*Task data:*
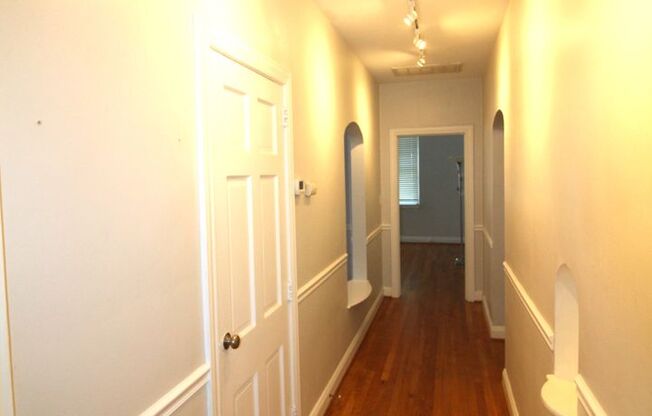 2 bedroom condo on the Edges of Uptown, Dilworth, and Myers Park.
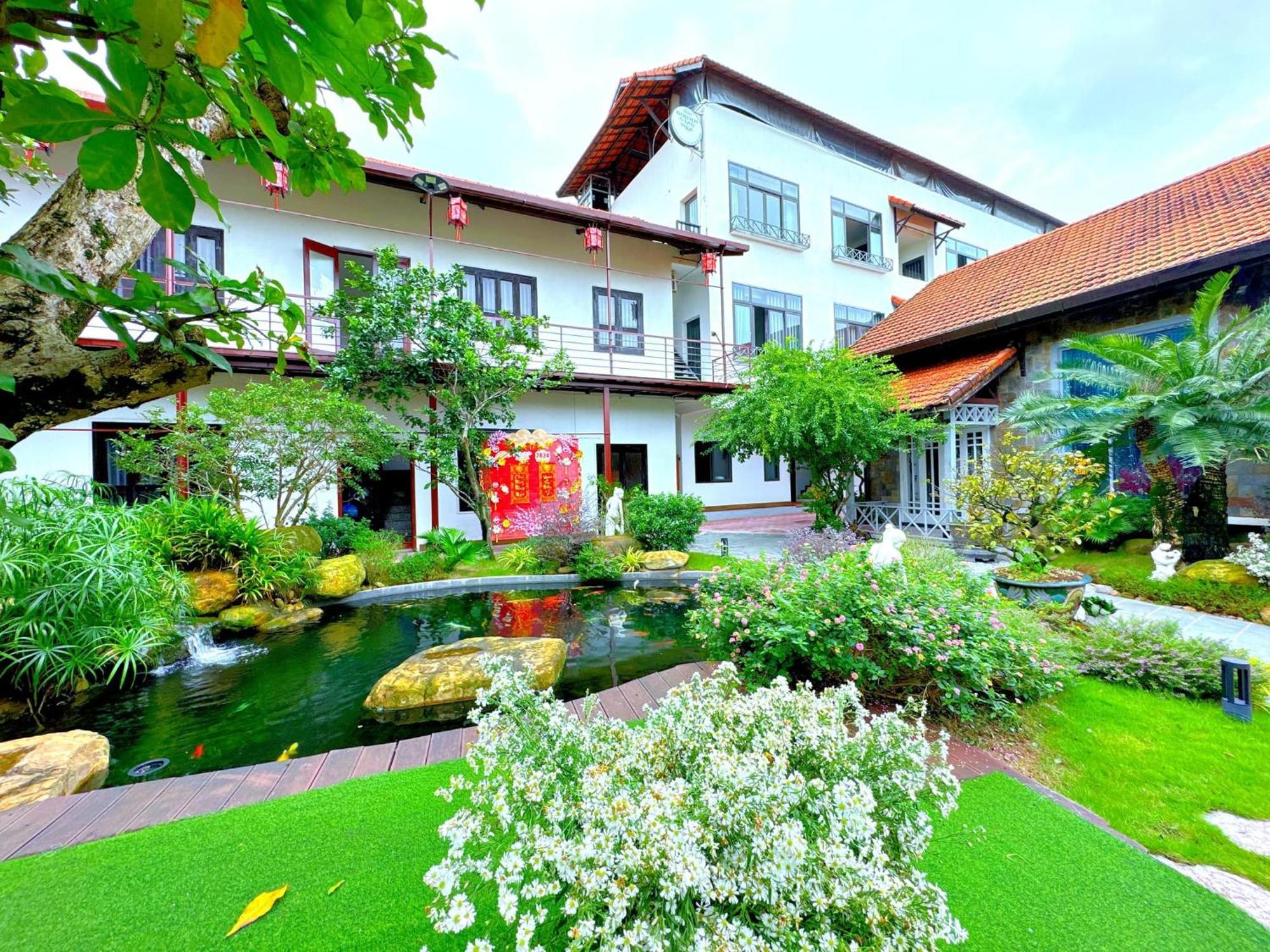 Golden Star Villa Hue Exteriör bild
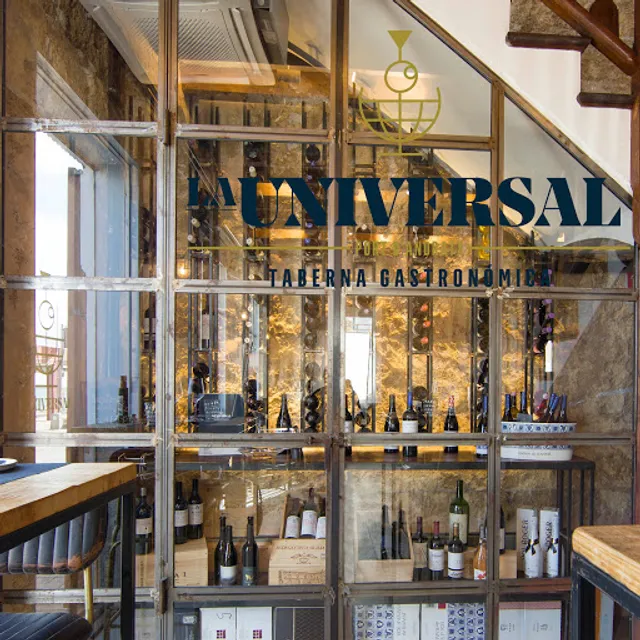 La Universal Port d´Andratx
--
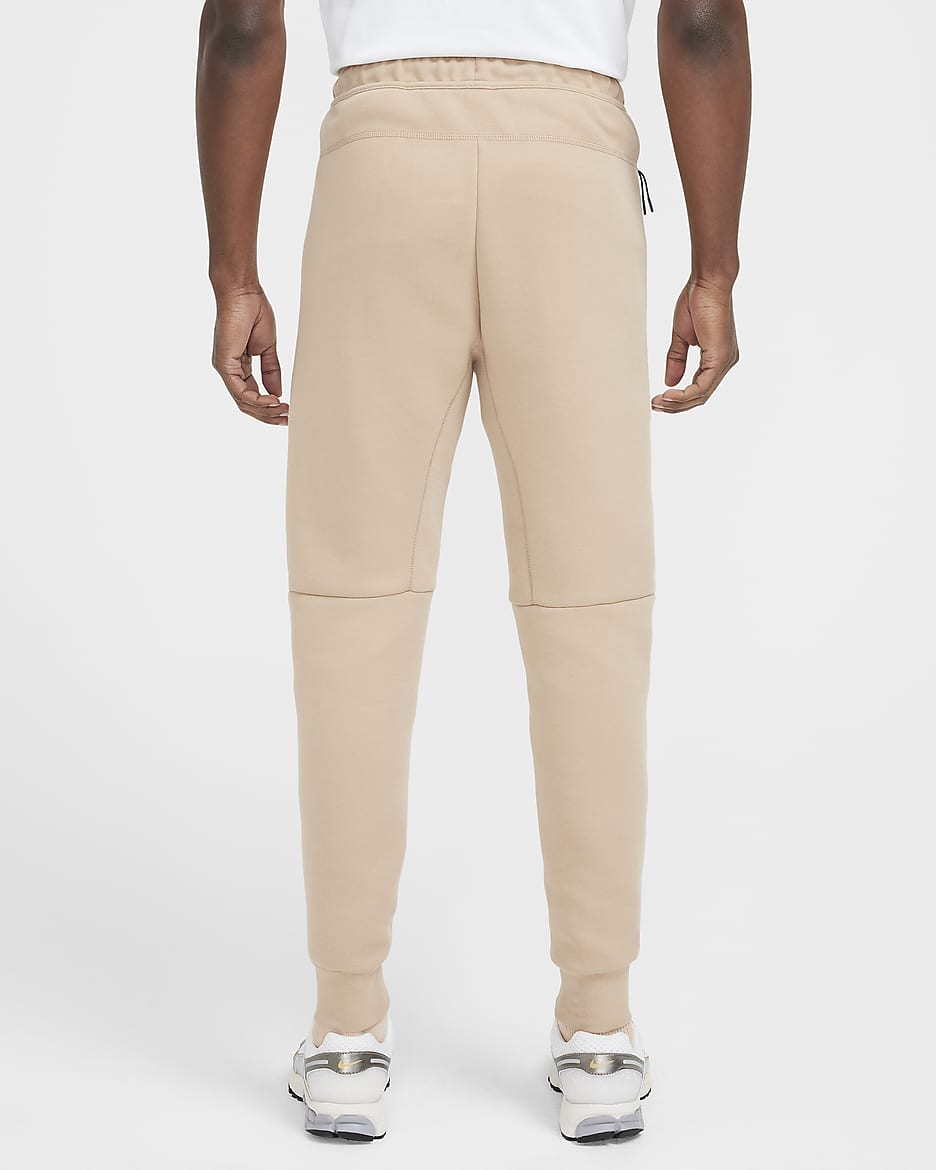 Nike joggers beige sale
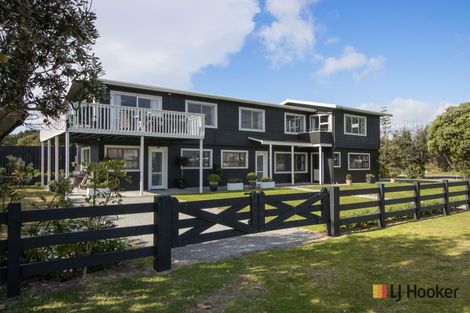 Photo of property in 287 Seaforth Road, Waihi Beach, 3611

*What to produce:*
Among the entries above, take the line with "2 bedroom condo", the line with "La Universal Port d´Andratx", and all the lines between them, and restate them word for word without pictures.

*Reply:*
 2 bedroom condo on the Edges of Uptown, Dilworth, and Myers Park.
 Golden Star Villa Hue Exteriör bild
 La Universal Port d´Andratx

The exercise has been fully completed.